# Seeking scary bug / bee / wasp sounds and music



## creepykate (Oct 15, 2011)

I'm haunting up the bathroom as a picnic scene covered with giant wasps and ants. I've bene looking for good atmosphere music and sounds - any suggestions?


----------



## Allen H (Feb 13, 2010)

poison props has a great buggs sound track!


----------



## Dark Lord (Jul 25, 2007)

Just shutting down for the nite, but I believe I have some bug sounds for you picnic....!! Pm ya a link in the morning.


----------



## Dark Lord (Jul 25, 2007)

Here are a small collection i have of "Buggz", & even the sound effect from the movie "Them" ( the giant ants from a great old B/W SciFi movie ).
http://www.4shared.com/folder/vVBsQYFQ/Buggz.html
password - hallotunes

You can use audacity or wavepad to mix these further.....would do some mixing for you, but I am slammed busy for a school haunt I'm putting on this weekend with a ton still to do,...

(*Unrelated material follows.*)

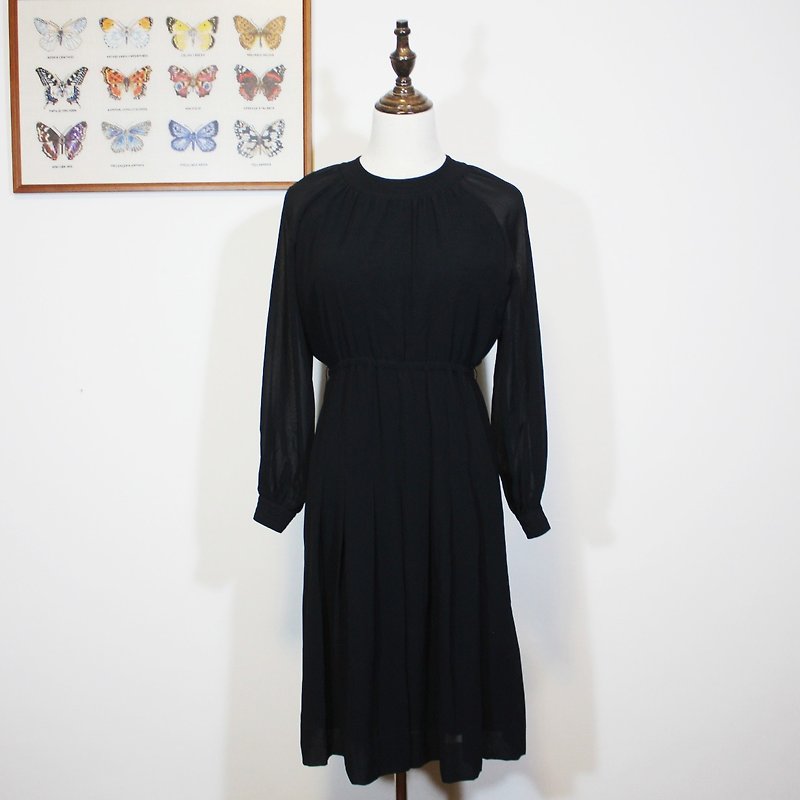 Japanese washing standard (Vintage Japanese vintage dress) black long-sleeved dress F3524 - ชุดเดรส - ไฟเบอร์อื่นๆ สีดำ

As for music anything particular,....edgy, woodsy,.........?


----------



## funhousewizard (Oct 23, 2011)

DL, you are everywhere, lol


----------



## creepykate (Oct 15, 2011)

Thanks. Gathered some of your sounds, and then went for some over the top trailers. I think it will fit the bill. Room is coming together.


----------



## Dark Lord (Jul 25, 2007)

funhousewizard said:


> DL, you are everywhere, lol


& in the _Darkest corners_ of your minds........  ......... 

well actually sitting in a room with the lights out............LoL


----------